Andreaea nivalis, commonly known as snow rock-moss, is a species of moss in the Andreaea family found in Alaska, California, Oregon, Washington, Greenland, Spain, Japan, Russia and Poland. It is black and reddish, dioicous, and grows on wet, acidic rocks. It is threatened by droughts and global warming, and is a near-threatened species on the IUCN red list.

==Description==
Andreaea nivalis was first described in 1811. It is black and reddish, and grows in dense cushions. Its leaves can be secund to falcate-secund, meaning they can be sickle-shaped, and curved towards one side. They are mostly subulate, meaning they are awl-shaped. The leaves are mainly falcate-secund when dry. When moist, they are more spread out than when dry. The leaves have a strong costa, and they can have a width of 0.16 mm or more, and a length of 0.8 mm or more. Andreaea nivalis has sharp laminal papillae on its dorsal side, which almost reach to its base, and a very short fruit stalk. Unlike other mosses in its species, which have six-valved capsules, Andreaea nivalis can have capsules with two or four valves.

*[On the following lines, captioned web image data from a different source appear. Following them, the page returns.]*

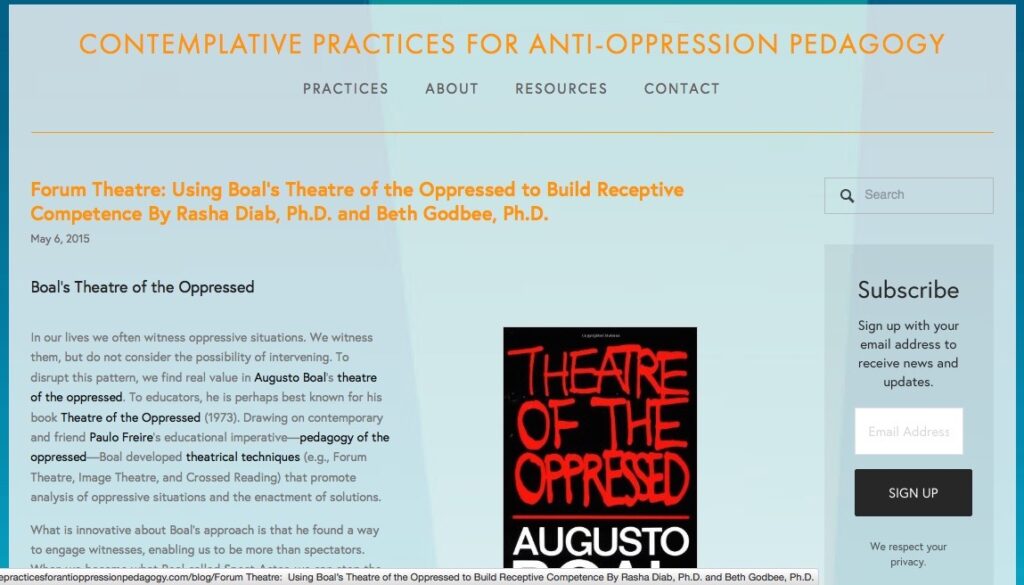 This screenshot shows the online article “Forum Theatre: Using Boal’s Theatre of the Oppressed to Build Receptive Competence by Rasha Diab, Ph.D. and Beth Godbee, Ph.D.,” part of the website Contemplative Practices for Anti-Oppression Pedagogy. It shows a paragraph of text against a blue background and the black, red, and white book cover of Augusto Boal’s Theatre of the Oppressed.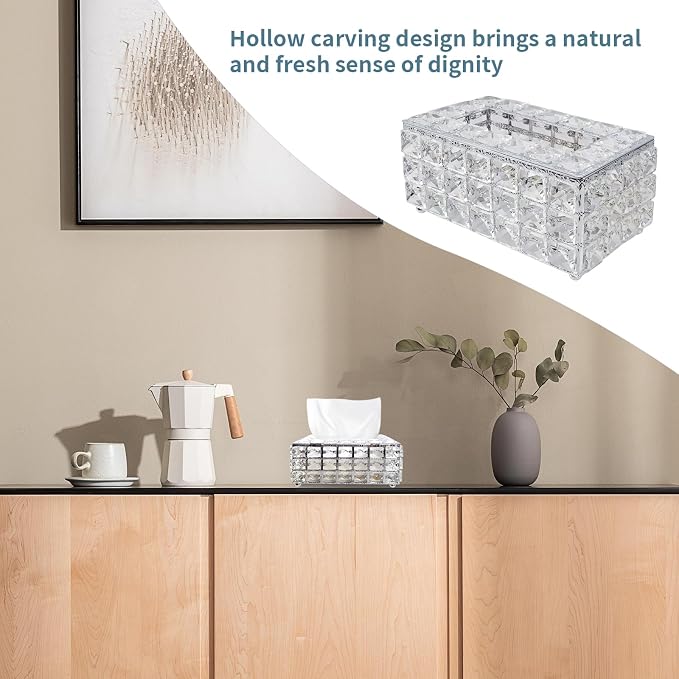 Geesatis Tissue Box Cover, Rectangle Tissue Box Holder, Rectangular Napkin - Image 7
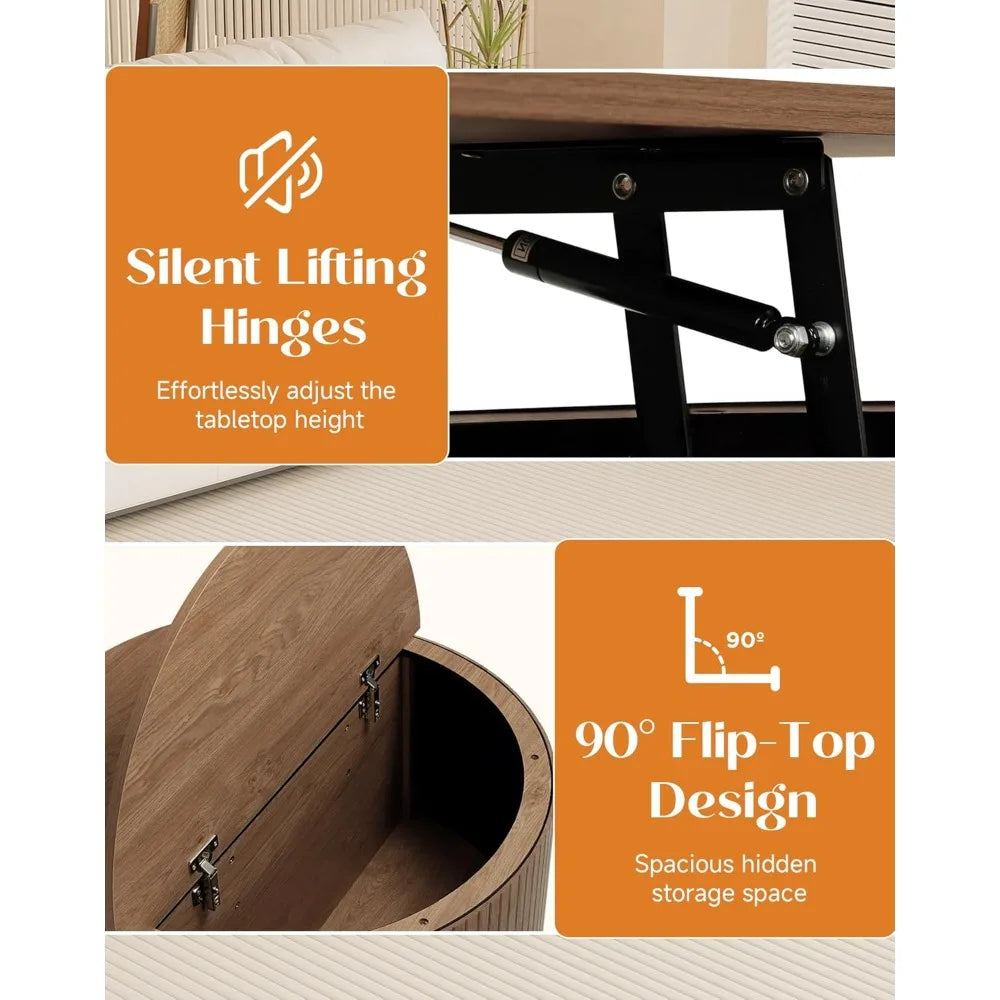 Fluted Round Lift Top Coffee Table With Storage Walnut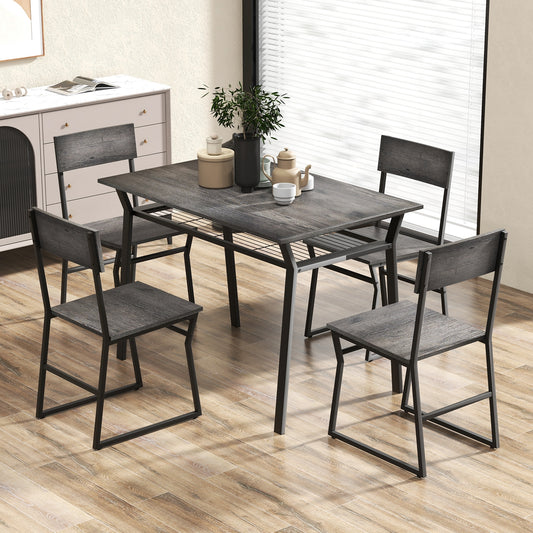5 Piece Dining Table Set, Storage Rack, Metal Frame, Gray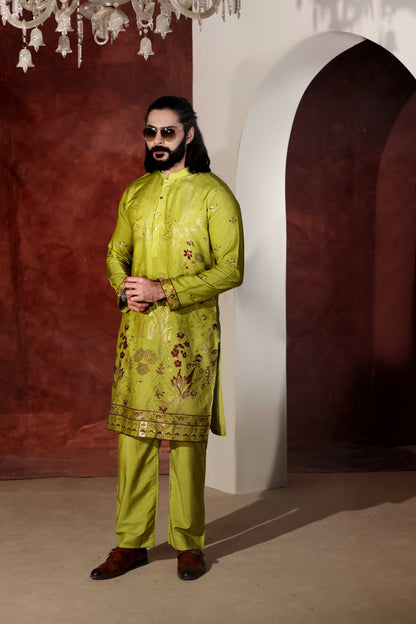Desginer Olive Green Kurta Pajama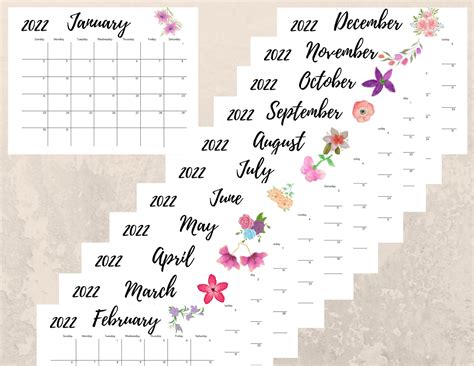 2022 Floral Calendar Pdf Instant Digital Download Etsy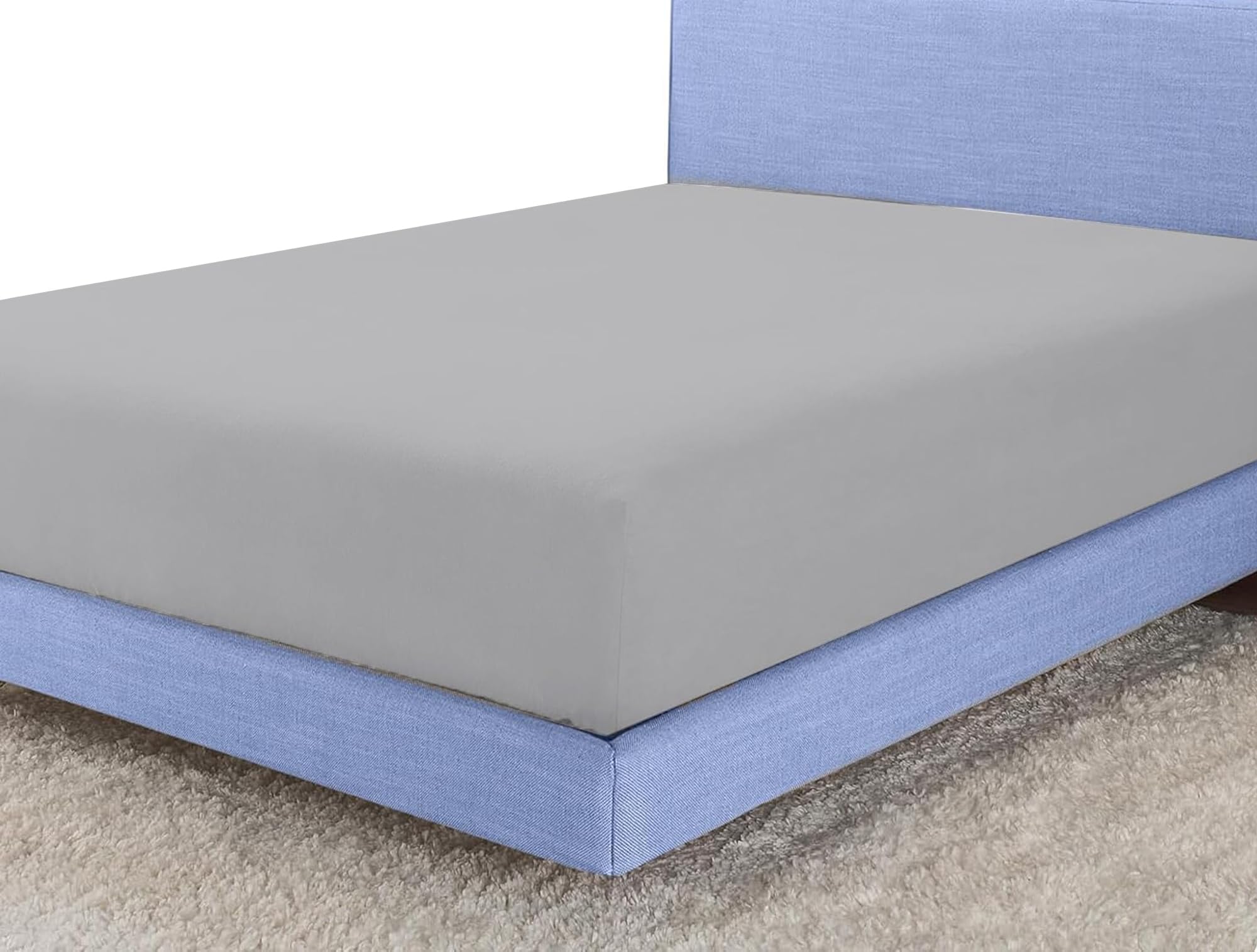 Sunshine Comforts Gray Egyptian Cotton 4Ft Fitted Sheet Grey | 200 Thread Count Deep 40Cm Pocket Small Double Bed Sheet | Soft, Breathable, Anti Wrinkle & Hypoallergenic Bedding & Linen 122X190cm 3/4 Bed Sheet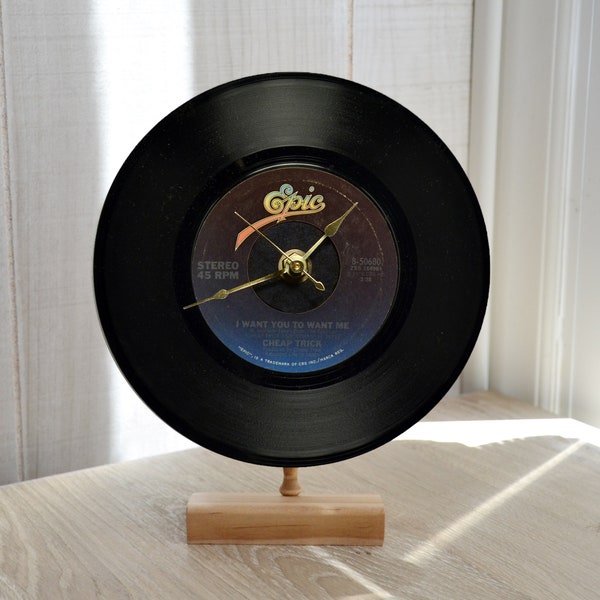 CHEAP TRICK  "I Want You To Want Me" Desk or Wall Record Clock with handmade Custom Wood Stand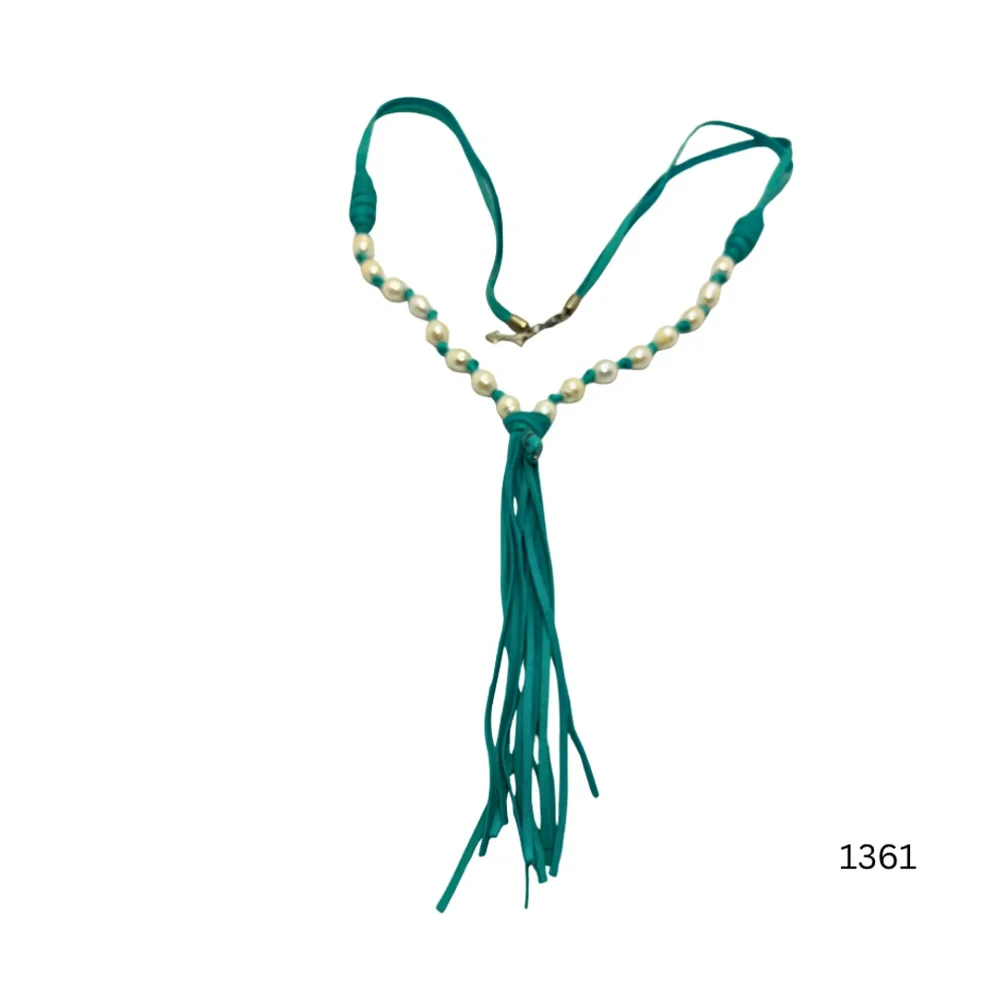 1361 Lucky Lou Designs Turquoise and Pearl Suede Necklace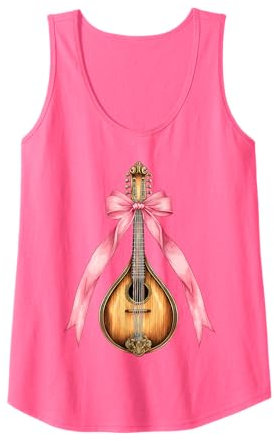 Instrument de mandoline avec nœud à coquette Rose Débardeur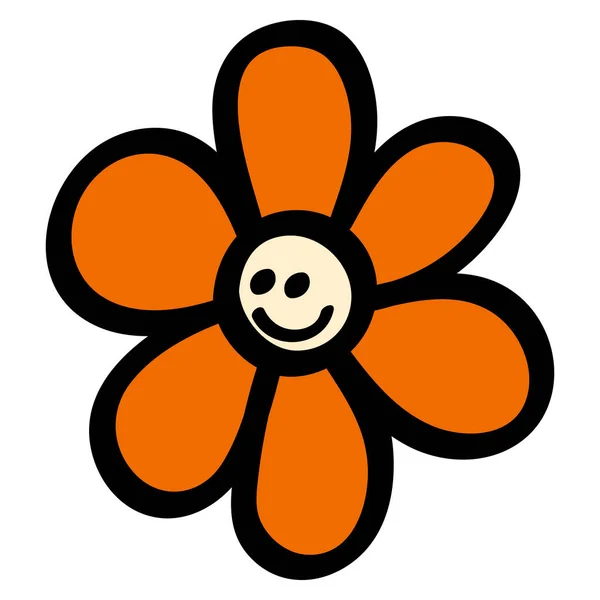 Smiley Daisy 70S 60S Retro Trippy Στυλ Χαμογελάστε Λουλούδι 1970 — Διανυσματικό Αρχείο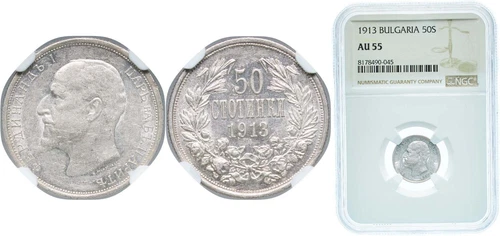Bulgaria 1913 50 Stotinki Silver 835 NGC AU 55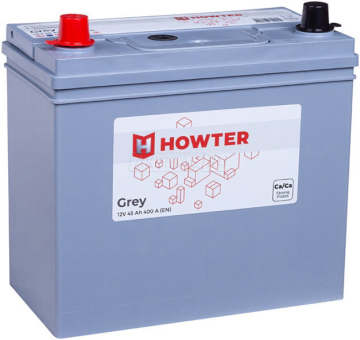 Аккумулятор HOWTER Grey ASIA NS60 45L (с переходниками) 45Ач 400А прям. пол.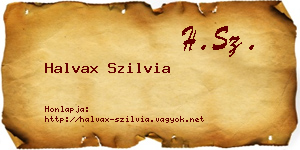 Halvax Szilvia névjegykártya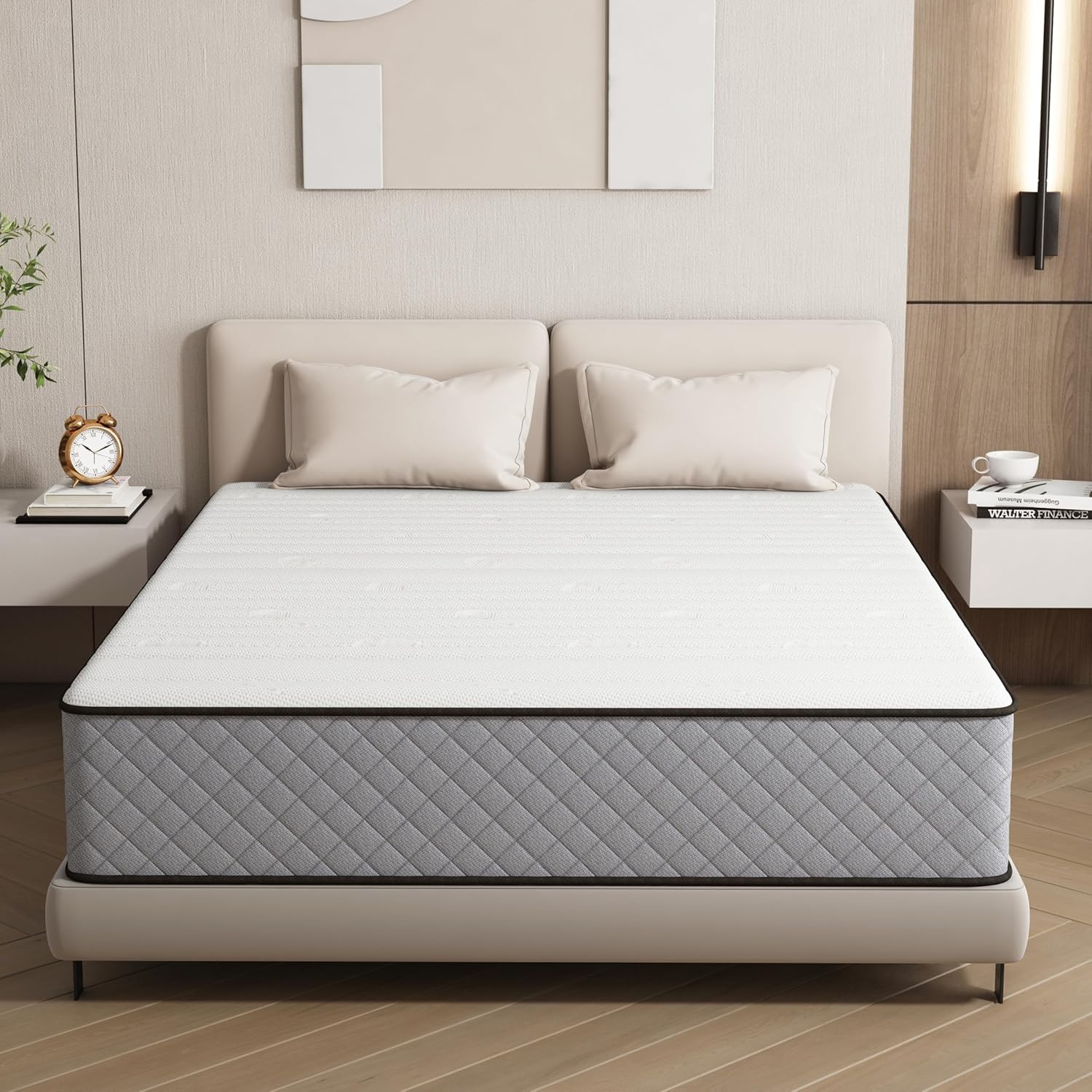 Matelas hybride 160x200cm, mémoire de forme, soutien moyen, 25cm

There is always one capsule on each fruiting plant.

==Distribution==
Andreaea nivalis grows on wet acidic rocks, outcrops, and rocky areas, at medium to high elevations. It can be found in Greenland, Japan, Spain, Alaska, California, Oregon, and Washington. It has also been found in Poland and Spain. It is native to North America, Alaska, the UK, and Norway.

==Reproduction==
Andreaea nivalis is dioicous, which means its gametophytes only produce either sperm or eggs. Its perichaetial leaves, which enclose the moss's archegonia, reach to the top of the moss's capsules.

==Conservation==
Andreaea nivalis is near threatened on the IUCN red list. The main threats to this species are drought and global warming. Its population is currently decreasing. The IUCN has recommended land and water protection to conserve this species, and says that research is needed to monitor Andreaea nivaliss population trends.